APT Reports	Actual Completion
10%	40%
20%	70%
30%	85%
40%	90%
50%	93%
60%	96%
70%	97.5%
80%	98%
90%	99%

The discrepancy occurs because larger packages are broken up into pieces, so they can be partially downloaded without APT knowing about it (since only fully downloaded packages are passed to APT). Clearly this situation is far from ideal, and can lead to the user feeling that the download is progressing very slowly, or not at all. There are some plans to add status updates to the communication between APT and the DebTorrent client, but they require changes to the APT code to support them, so it may take some time to implement. Another problem is the memory usage I saw during the download, which was approximately 213 MB. This is obviously unnecessarily large, though the metainfo that DebTorrent needs to be aware of is quite large (stored in a text file it is about 3 MB). There does seem to be a memory allocation bug in Python 2.4 which causes increased memory usage, so moving to python 2.5 might help. However, my preliminary tests show this only saves you about 20% for DebTorrent. I think I will have to delve deeper into which parts are using all this memory, and unfortunately python doesn't seem to have a good memory profiler to help with this. I will be looking at both PySizer and Guppy/Heapy to start, but if anyone knows of a better solution, please let me know.

20 August 2007

Cameron Dale: DebTorrent Release 0.1.4 (and apt-transport-debtorrent 0.1.0)

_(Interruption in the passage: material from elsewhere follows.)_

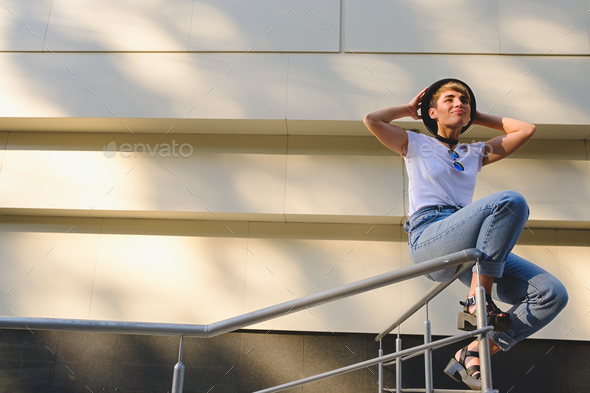 Young hipster woman relaxing - Stock Photo - Images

The next release of DebTorrent is now available. This release includes new functionality for communicating with APT using a new transport method specifically designed for debtorrent, and many bug fixes. The major changes in this release are all in the communication between APT and DebTorrent. The HTTP server in DebTorrent that listens for APT requests has been upgraded to support HTTP/1.1 persistent connections and pipelining, which allows APT to have multiple outstanding requests for files. This is useful as DebTorrent suffers from the typical bittorrent slow start, so requesting multiple files at a time helps to speed up the download considerably. Though better, HTTP/1.1 is not ideal for DebTorrent however, as a maximum of 10 outstanding requests is maintained by APT's http method, and files must still be returned in the order they were requested (which is not ideal for bittorrent-type downloading since downloads occur randomly). To further improve the APT communication I have modified APT's http method to create a debtorrent method. This new debtorrent transport for APT is packaged separately as apt-transport-debtorrent, and once installed APT can be told to use it by replacing "http://" with "debtorrent://" in your sources.list file. This method sends all requests it receives immediately to DebTorrent, and will receive responses from DebTorrent in any order. You can find this new method on the Alioth project, or in my personal repository (only amd64 and i386 versions are currently available). Unfortunately, the story doesn't end here. The APT code responsible for sending requests to the method also limits the maximum number of outstanding requests that it will send to the method to 10, which is not really necessary since all existing methods limit the requests they send out themselves. I have therefore patched the current APT code to increase this limit to 1000 (a one line change), and released this patched version as 0.7.6-0.1. You can find this patched version in my personal repository (again, only for i386 and amd64). I have tested it with the other methods available and it causes no problems, and I hope to get the change included in the regular APT code soon. To sum up:

new DebTorrent over HTTP = fast
new DebTorrent with new apt-transport-debtorrent = faster
new DebTorrent with new apt-transport-debtorrent and a patched APT = fastest

The last DebTorrent version (0.1.3.1) is currently in the NEW queue, and judging by the length of it, will be there for about another week. After DebTorrent is added to the archive, I will be upgrading it to this new version. I also hope to get the new apt-transport-debtorrent package into the NEW queue soon. This brings to an end the Google Summer of Code (which this project was created as a part of), but development of DebTorrent will of course continue (probably a little slower). The next major change will be the addition of unique piece numbers, which is almost complete but needs to be extensively tested. I'd like to thank Anthony Towns, Steve McIntyre, and Michael Vogt for their help over the last 4 months, and also the many others who sent me encouraging emails or engaged in interesting discussions about this project. It's the people who make a project like this a fun and memorable thing to do. Here's the changelog for the new DebTorrent release:

APT communication supports HTTP/1.1 connections, including persistent connections and pipelining
Add support for the new debtorrent APT transport method (see the new apt-transport-debtorrent package)
Make the Packages decompression and torrent creation threaded
Improve the startup initialization of files
Add init and configuration files for the tracker
bug fixes:
- restarts would fail when downloaded files have been modified
- deleting old cached data would fail
- small tracker bug causing exceptions
- prevent enabling files before the initialization is complete
- only connect to unique peers from the tracker that are not already connected
- tracker would return all torrents' peers for every request

Cameron Dale: DebTorrent Release 0.1.4 (and apt-transport-debtorrent 0.1.0)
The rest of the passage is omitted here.